> [EXERCISE]: Please write out exactly the lines from the one with "18ct Gold contemporary" through the end of the data below, both ends included, and omit any pictures.

> [EXTRACTED DATA]:
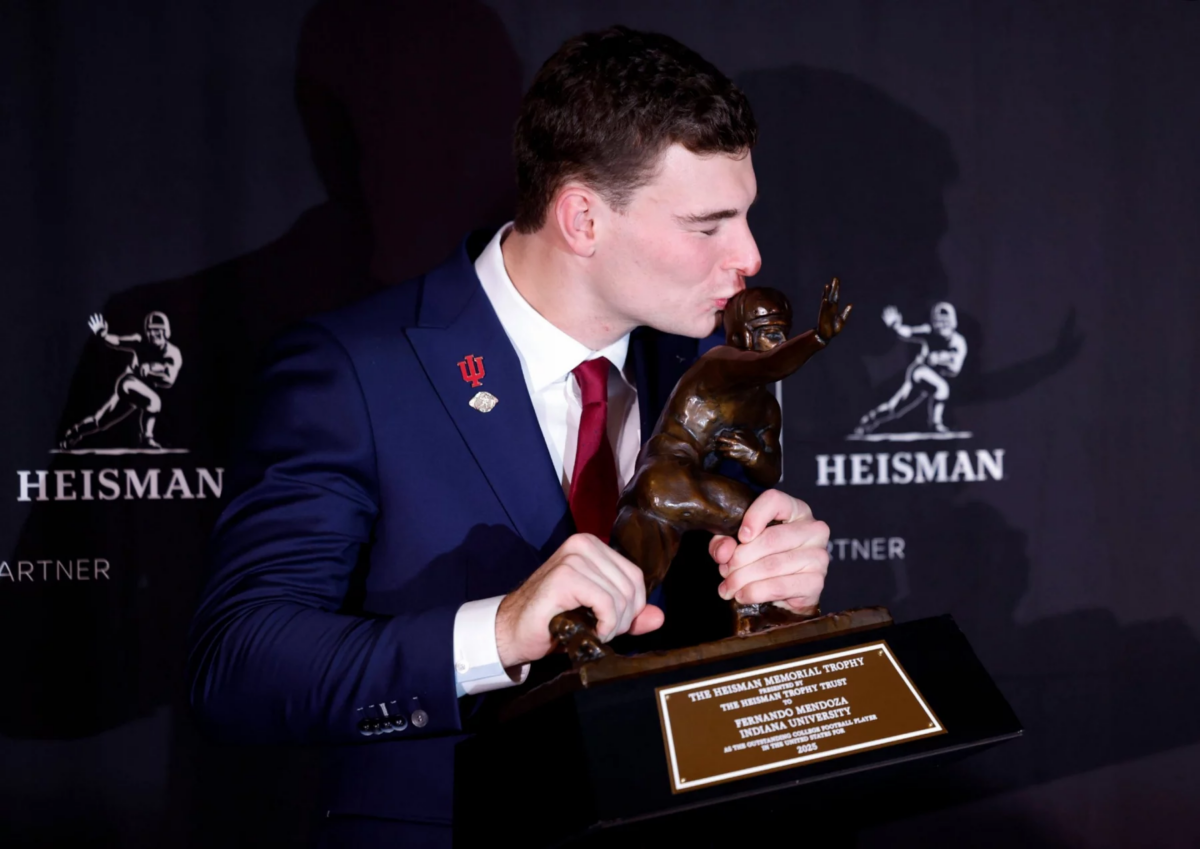 Fernando Mendoza, der eine rote Krawatte und eine Anstecknadel der Indiana University trägt, küsst die Heisman Trophy 2025 und hält sie mit beiden Händen. Im Hintergrund sind wiederholte Heisman-Logos zu sehen, und die Plakette der Trophäe ist deutlich zu erkennen. Diese Beschreibung wurde mit der FootballR KI automatisch generiert.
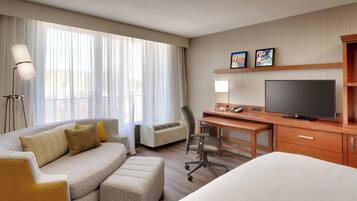 A hotel room with a sofa, a desk, a television, and a bed.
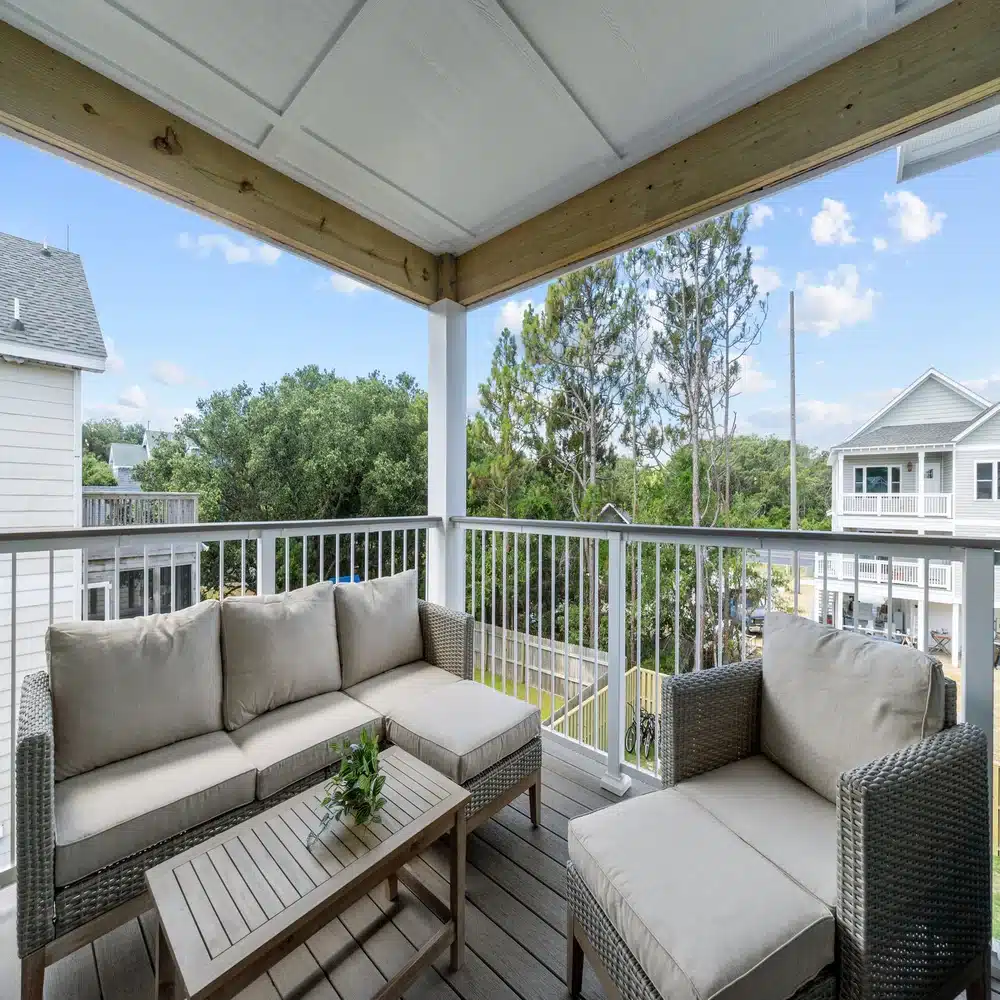 outdoor-living-area-with-couch-and-table-on-the-elevated-deck-with-white-railings-featuring-houses-and-trees-in-the-background-in-outer-banks-nc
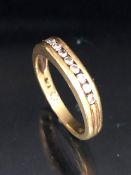 18ct Gold contemporary style ring set with band of 9 diamonds flanked with fluted shoulders size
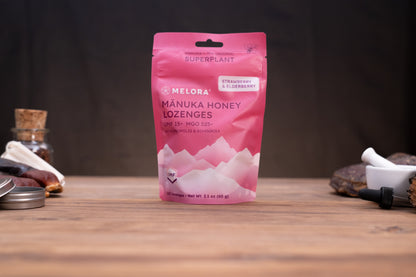 A pink stand-up pouch of Melora Mânuka Honey Lozenges on a wooden tabletop with blurred natural props in the background.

> [REPLY]:
 18ct Gold contemporary style ring set with band of 9 diamonds flanked with fluted shoulders size
 A pink stand-up pouch of Melora Mânuka Honey Lozenges on a wooden tabletop with blurred natural props in the background.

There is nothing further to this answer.